The proposals are expected to become law in 2012, after which ordinary residents could feel the impact, although some changes could begin to be felt in the shorter term.

“Given international experience of executing such largescale mass-construction projects, the creation and approval of a new general [development] plan could take at least two to three years,” Alexandra Kadchenko, head of the consulting and evaluation department at MIAN, told PASSPORT. “So, execution of new projects would not start before 2014.”

According to Alexander Ziminsky, director of the elite property sales department at Penny Lane Realty, the main impact from the expansion of Moscow is to be felt in the areas that are to become part of the city.

“Moscow has a considerable budget,” he told PASSPORT. “So, areas that will become part of the capital, will be developing better, especially when it comes to the social and transport infrastructure. Also, situations when Moscow expands a motorway [on its territory] but beyond MKAD it turns into a bottle-neck unable to handle traffic, will become history.

“Developers that bought plots of land in that area before the crisis and later faced problems because the value of the assets went down, now will be able to re-evaluate the land because of a change in its status, and could then feel some relief,” he went on to say. “Certainly, land prices in that area are set to go up.”

Meanwhile, Ziminsky is skeptical about the prospects of a major international financial centre beyond the current city limits. “I think big business won’t leave central Moscow to move in the direction of Podolsk,” he said. “State officials are not independent, they’ll do what they are told. But businesses could just open new representative offices.”

At the same time, the change of status from Moscow Oblast to the capital may not come as pleasant news for developers used to a simple approval procedure in the Oblast, which would now have to be replaced with a more complicated one that applies to the capital.

“Primarily, developers that have connections to federal agencies are likely to benefit from the situation,” Ziminsky observed. “But there will be not only winners but also losers. The latter will completely lose chances of getting their projects approved and will have to leave the market with losses.”
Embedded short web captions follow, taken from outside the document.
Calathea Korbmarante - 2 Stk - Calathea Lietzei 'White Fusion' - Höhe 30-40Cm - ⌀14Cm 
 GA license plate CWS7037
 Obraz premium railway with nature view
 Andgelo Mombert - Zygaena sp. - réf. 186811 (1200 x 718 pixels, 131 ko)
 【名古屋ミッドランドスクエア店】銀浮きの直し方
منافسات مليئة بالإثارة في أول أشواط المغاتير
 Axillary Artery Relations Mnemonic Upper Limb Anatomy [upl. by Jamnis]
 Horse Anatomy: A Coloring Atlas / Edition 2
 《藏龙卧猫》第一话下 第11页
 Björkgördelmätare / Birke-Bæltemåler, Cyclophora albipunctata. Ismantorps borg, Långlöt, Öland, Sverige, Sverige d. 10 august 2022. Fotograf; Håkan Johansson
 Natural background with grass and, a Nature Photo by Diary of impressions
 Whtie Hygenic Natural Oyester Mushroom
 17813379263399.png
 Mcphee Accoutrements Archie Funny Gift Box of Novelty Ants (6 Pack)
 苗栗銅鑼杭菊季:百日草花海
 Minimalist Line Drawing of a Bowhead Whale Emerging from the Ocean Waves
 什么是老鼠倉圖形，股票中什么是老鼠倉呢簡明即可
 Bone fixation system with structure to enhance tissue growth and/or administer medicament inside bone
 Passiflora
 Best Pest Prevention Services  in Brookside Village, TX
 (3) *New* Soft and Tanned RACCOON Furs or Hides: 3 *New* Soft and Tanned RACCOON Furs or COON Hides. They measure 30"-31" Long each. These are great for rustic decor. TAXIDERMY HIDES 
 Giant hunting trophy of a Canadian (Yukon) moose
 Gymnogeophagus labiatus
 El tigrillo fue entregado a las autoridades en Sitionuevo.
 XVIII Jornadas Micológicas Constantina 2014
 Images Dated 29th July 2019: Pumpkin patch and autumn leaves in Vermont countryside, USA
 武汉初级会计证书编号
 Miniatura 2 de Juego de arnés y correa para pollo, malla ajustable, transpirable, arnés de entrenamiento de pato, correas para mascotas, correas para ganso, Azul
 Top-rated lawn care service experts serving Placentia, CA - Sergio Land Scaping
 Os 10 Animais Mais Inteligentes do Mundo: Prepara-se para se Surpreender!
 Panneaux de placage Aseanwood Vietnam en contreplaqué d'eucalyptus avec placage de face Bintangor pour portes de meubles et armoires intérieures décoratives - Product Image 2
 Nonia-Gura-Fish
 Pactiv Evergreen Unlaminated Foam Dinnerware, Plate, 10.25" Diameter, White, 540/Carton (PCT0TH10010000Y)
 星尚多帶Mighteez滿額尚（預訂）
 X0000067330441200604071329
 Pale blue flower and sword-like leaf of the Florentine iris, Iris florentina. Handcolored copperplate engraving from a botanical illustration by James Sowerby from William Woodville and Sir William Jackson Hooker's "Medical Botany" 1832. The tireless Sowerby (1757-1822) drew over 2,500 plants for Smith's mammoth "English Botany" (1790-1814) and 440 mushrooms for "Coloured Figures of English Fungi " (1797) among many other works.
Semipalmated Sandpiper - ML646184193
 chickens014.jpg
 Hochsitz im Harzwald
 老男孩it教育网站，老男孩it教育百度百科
Realtors agree that the expansion of the capital is set to bring about an increase in real estate prices in the new territories.

According to Kadchenko, in the short-term, the changes are not going to have a tangible impact on the property market but in the longer run, demand and prices for properties located to the south-west of today’s city limits are likely to go up. “In the long term, prices for new, good-quality residential property in Shcherbinka, Troitsk and Kommunarka could go up,” she said. “But a sharp increase in prices is unlikely as the territory [added to Moscow] is huge, and new residential neighborhoods are likely to compete with each other.”

However, other experts say that there have already been increases in property prices, related to the expansion of Moscow. “Some buildings currently under construction have already seen a 15% to 20% increase in prices,” Yulia Geraskina, head of the new construction department at Est-a-Tet, told PASSPORT. “One example is Dom V Kommunarke from the developer MITs. In late May, the maximum price for one-room apartments was 65,850 roubles per sq m, which is now between 77,850 roubles per sq m and 83,850 roubles per sq m, and the project is still in its middle stage. We also forecast increases in buildings under construction in Shcherbinka.

“Secondly, price increases are expected in towns located next to the ‘new Moscow’ territory,” she went on to say. “For instance, in Podolsk, which is not part of expanded Moscow, prices are likely to be pushed up by the improved infrastructure and transport situation.”